Re: Add proper planner support for ORDER BY / DISTINCT aggregates

From: Richard Guo <guofenglinux(at)gmail(dot)com>
To: David Rowley <dgrowleyml(at)gmail(dot)com>
Cc: Ronan Dunklau <ronan(dot)dunklau(at)aiven(dot)io>, PostgreSQL Developers <pgsql-hackers(at)lists(dot)postgresql(dot)org>, Ranier Vilela <ranier(dot)vf(at)gmail(dot)com>
Subject: Re: Add proper planner support for ORDER BY / DISTINCT aggregates
Date: 2022-07-26 07:39:25
Message-ID: CAMbWs4_hAK6+0Gk=vZX+ikSFBx=6981iFLGkgLObDkvvGpjogg@mail.gmail.com
Views: Raw Message | Whole Thread | Download mbox | Resend email
Thread:
Lists: pgsql-hackers

On Tue, Jul 26, 2022 at 7:38 AM David Rowley <dgrowleyml(at)gmail(dot)com> wrote:

> On Fri, 22 Jul 2022 at 21:33, Richard Guo <guofenglinux(at)gmail(dot)com> wrote:
> > I can see this problem with
> > the query below:
> >
> > select max(b order by b), max(a order by a) from t group by a;
> >
> > When processing the first aggregate, we compose the 'currpathkeys' as
> > {a, b} and mark this aggregate in 'aggindexes'. When it comes to the
> > second aggregate, we compose its pathkeys as {a} and decide that it is
> > not stronger than 'currpathkeys'. So the second aggregate is not
> > recorded in 'aggindexes'. As a result, we fail to mark aggpresorted for
> > the second aggregate.
>
> Yeah, you're right.

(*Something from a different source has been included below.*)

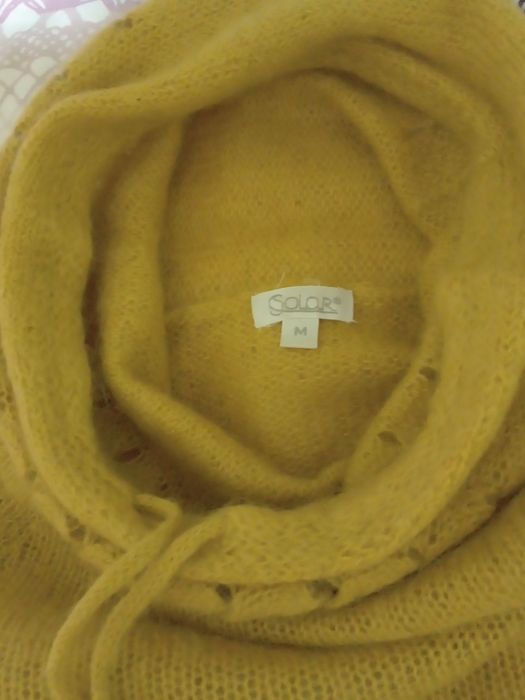 Sweter -Golf Solar M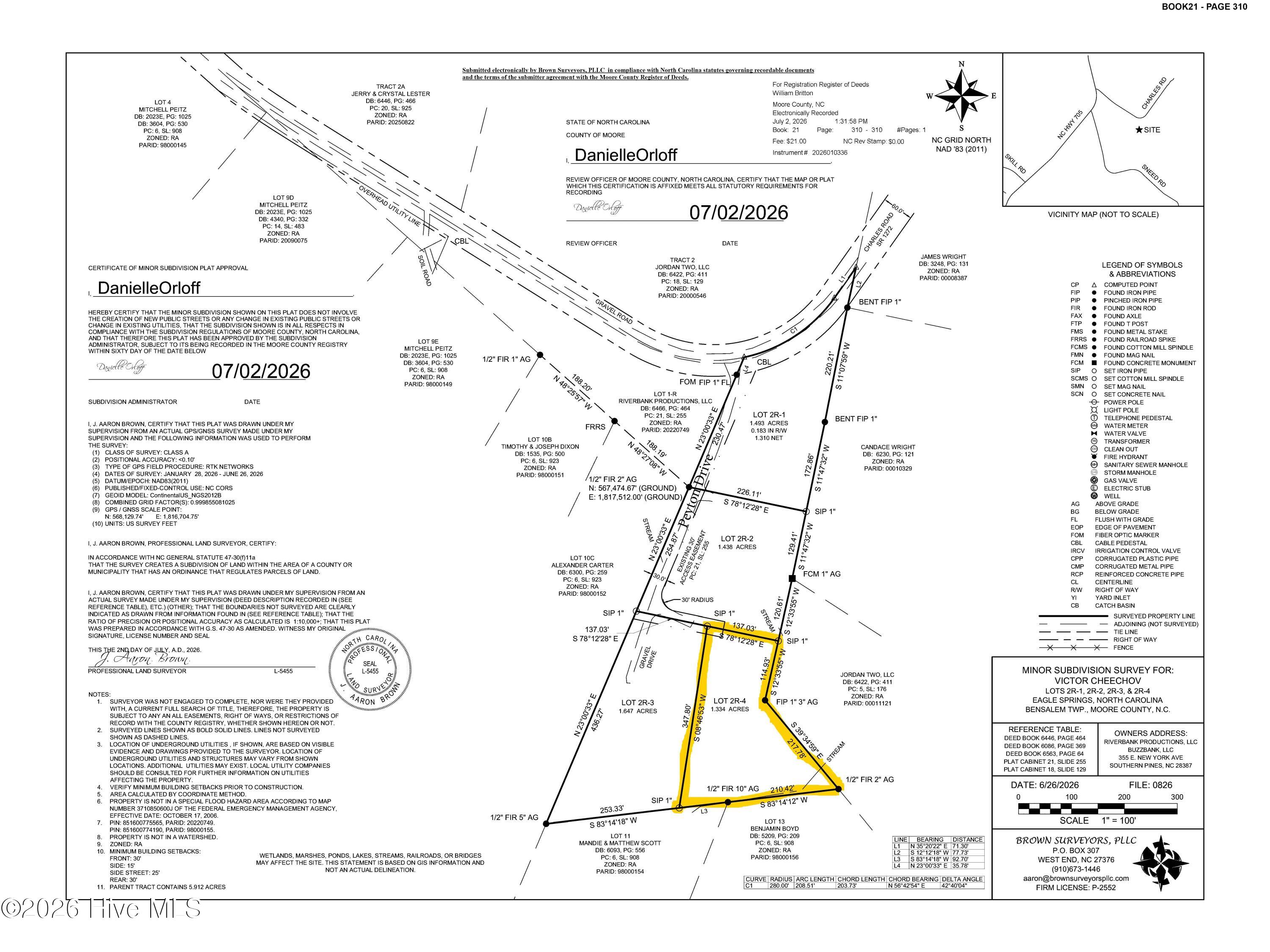 8th image of 2r 4 Peyton Dr, Eagle Springs, NC 27242 | MLS# 100591269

I have a missing check to see if currpathkeys are
> better than the pathkeys for the current aggregate. In your example
> case we'd have still processed the 2nd aggregate the old way instead
> of realising we could take the new pre-sorted path for faster
> processing.
>
> I've adjusted that in the attached to make it properly include the
> case where currpathkeys are better.

Thanks. Verified problem is solved in v8 patch.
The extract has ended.